First publised in Psychology Today (February 20, 2011) by Mel Schwartz, L.C.S.W...☛..As with many goals that we struggle to attain, we tend to go after them in a way that blocks our success. Quite often I find that individuals who quest for more self-esteem – more internal security and confidence – actually get in their own way. Typically, they are prone to measuring and judging themselves against others. Such individuals attribute more confidence to others and arrange to always fall short in their comparisons. They see their vulnerability as a weakness and try to mask it. That is the source of the problem. We are all vulnerable and insecure in one way or another. When we accept that vulnerability and no longer seek to hide it, we are actually strong! The person who tries to act strong or confident may well be masking their concerns and doing so serves to exacerbate the problem. We do this when we are more concerned by what we think someone else thinks of us than coming into acceptance with our own self.

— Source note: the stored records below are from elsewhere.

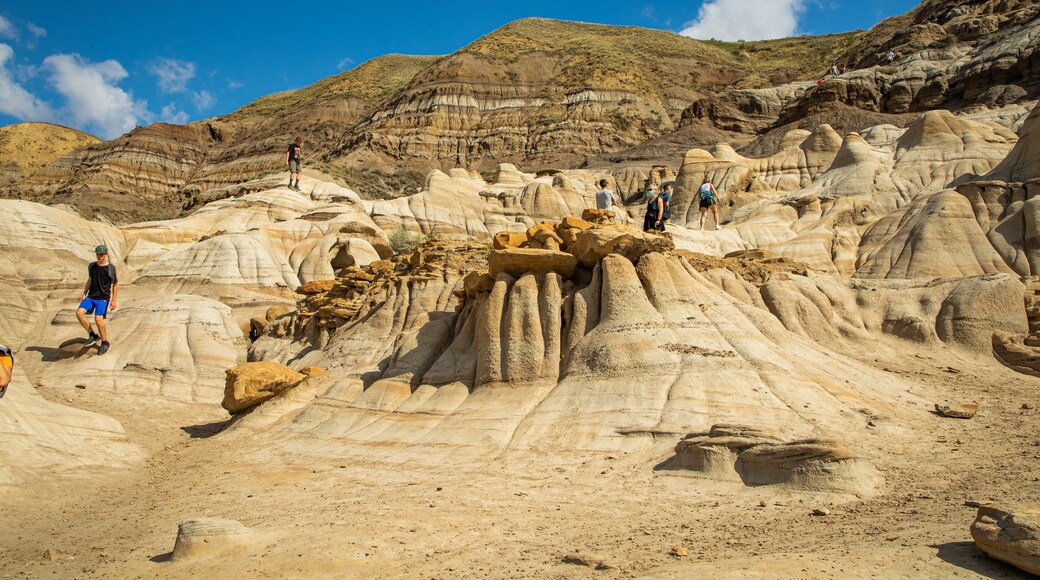 Drumheller Hoodoos which includes a gorge or canyon and mountains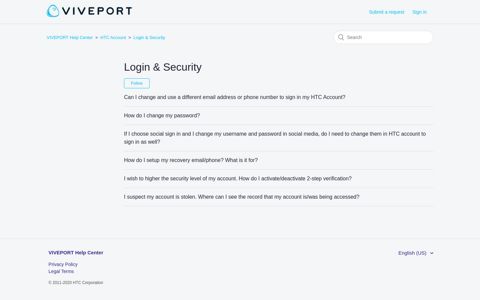 Login & Security – VIVEPORT Help Center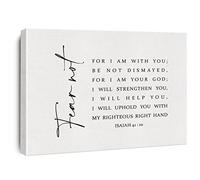 Xiolcxdr Inspirational Bible Verse Canvas Print Decor Isaiah 41:10 Scripture Christian Painting Posters 12”X15” Modern Home Office Decoration (Framed)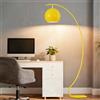 KlkrzJwy Moderne lampade da terra ad arco, lampada da terra alta gialla, lampada da terra in metallo con paralume regolabile sospeso sopra il divano, luce di lettura ad arco per camera da letto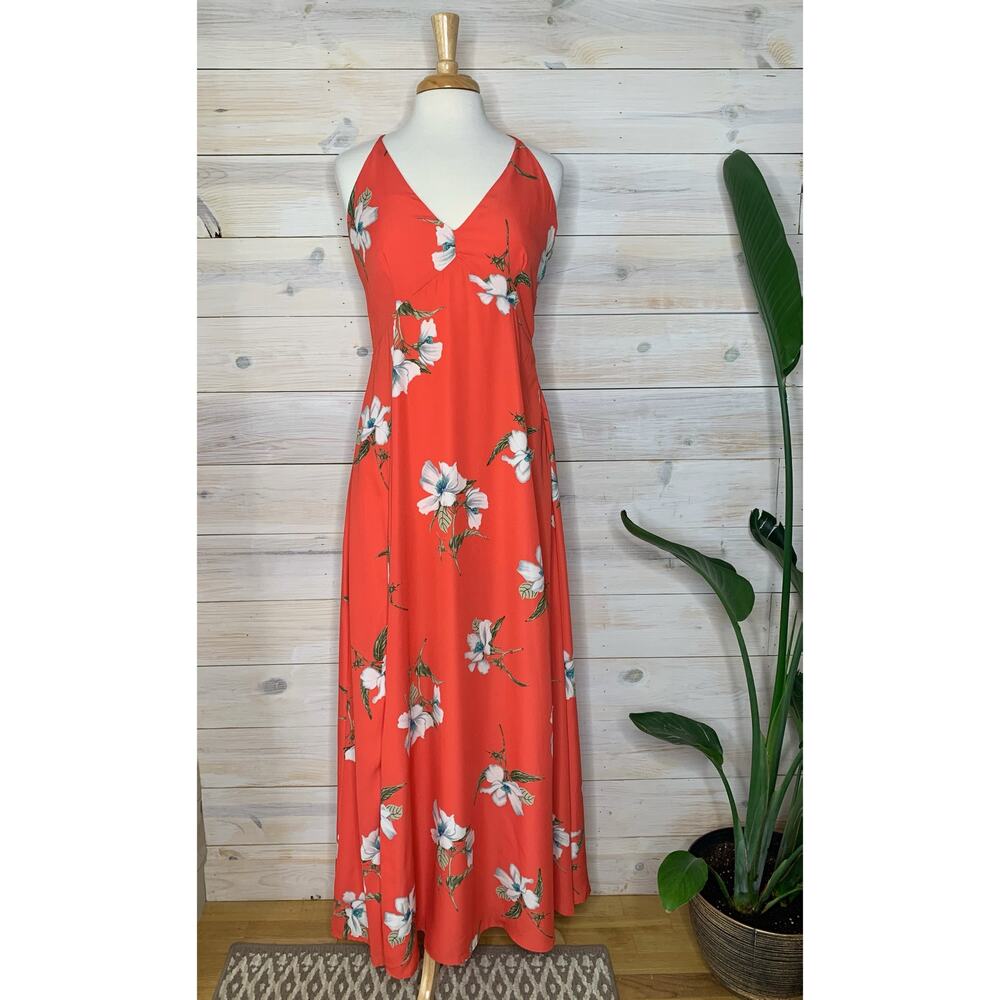 Bright Coral Pink Red Floral Maxi Dress Size Small
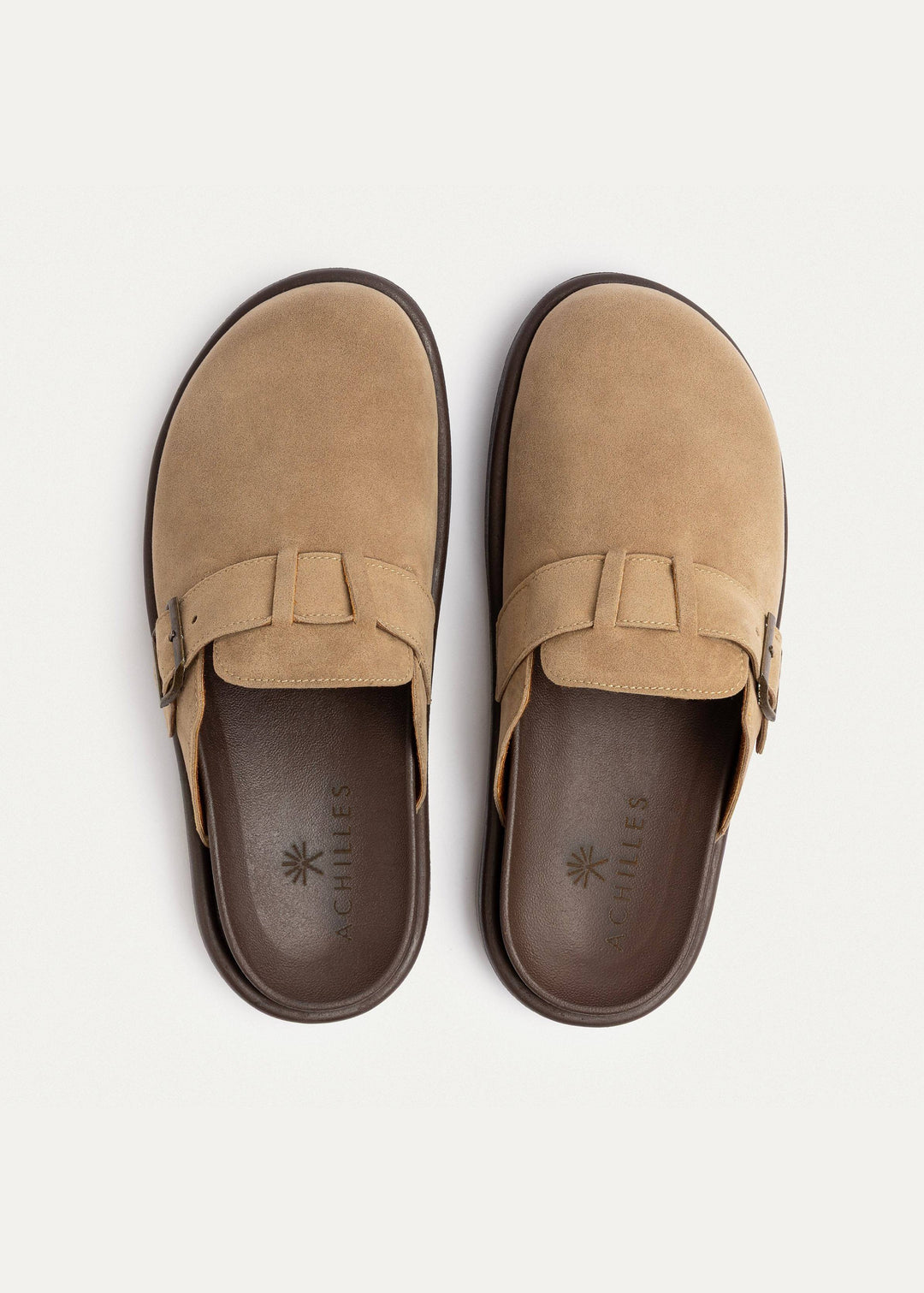 Achilles | Classic Buckle Clogs | Beige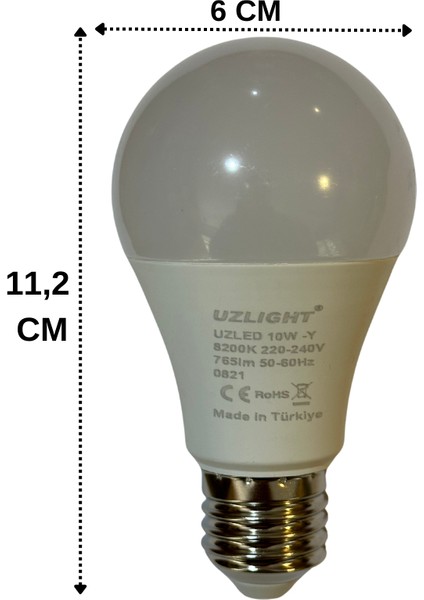 10W(75W) 8200K (Yeşil Işık) E27 Duylu LED Ampul (10 Adet)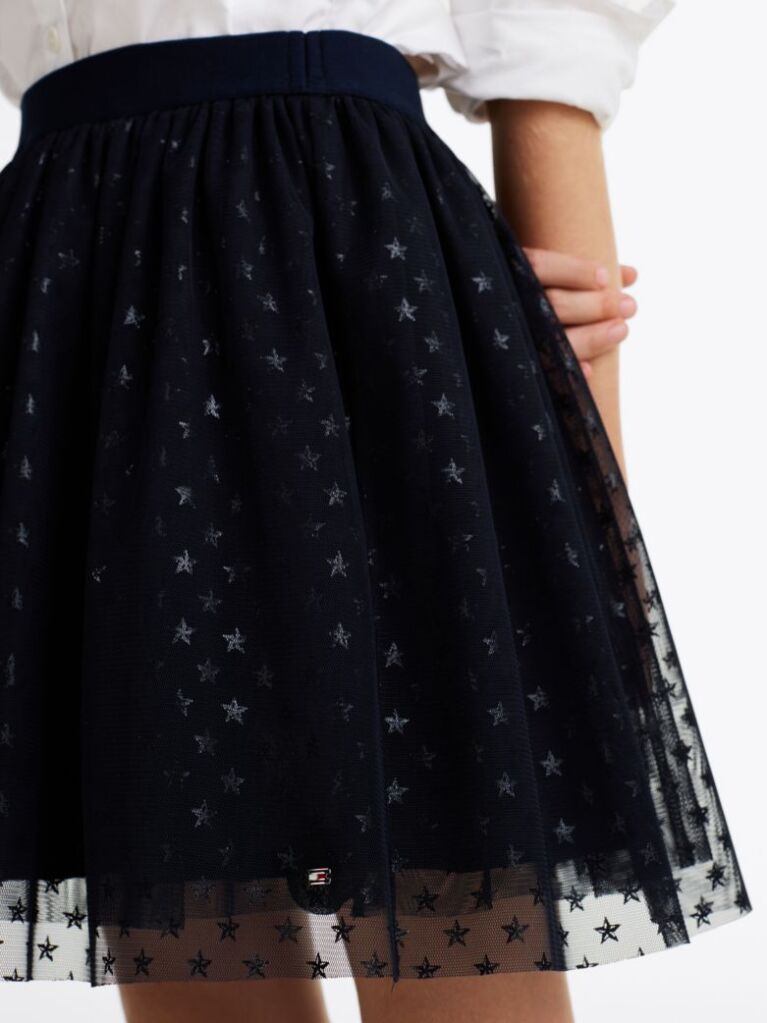 Blue Metallic Star Tulle Skirt  Girls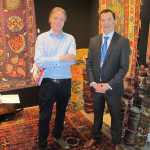 Harry Grenfell of Sotheby's, London with JAmes Cohen on his stand at HALI at Olympia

There’s a paradox here. Embracing your vulnerability and no longer hiding from it means that you’re no longer concerned about others’ judgment of you. When you act in such a manner your relationship with yourself surges. This is strength and confidence! The more you do this the more you will actually grow in confidence. So the paradox to being more confident is that you need to accept and embrace your frailty, and, then, your confidence will likely grow. If you try to disguise your insecurity, you betray yourself and stay mired in insecurity.
Some years ago I was giving a talk on this subject and an elderly woman in the audience raised her hand and timidly asked, “I have a fear of public speaking, what should I do?” I went to her seat and escorted her up to the podium. I guided her to the microphone and asked her to share her concerns once again with the audience. She once again articulated her fear. I then asked her how she was feeling. A smile came to her face as her tenseness retreated. “I feel much better now that I have nothing to hide,” she offered. She had engaged the paradox of confidence, released her fears and grown in the process.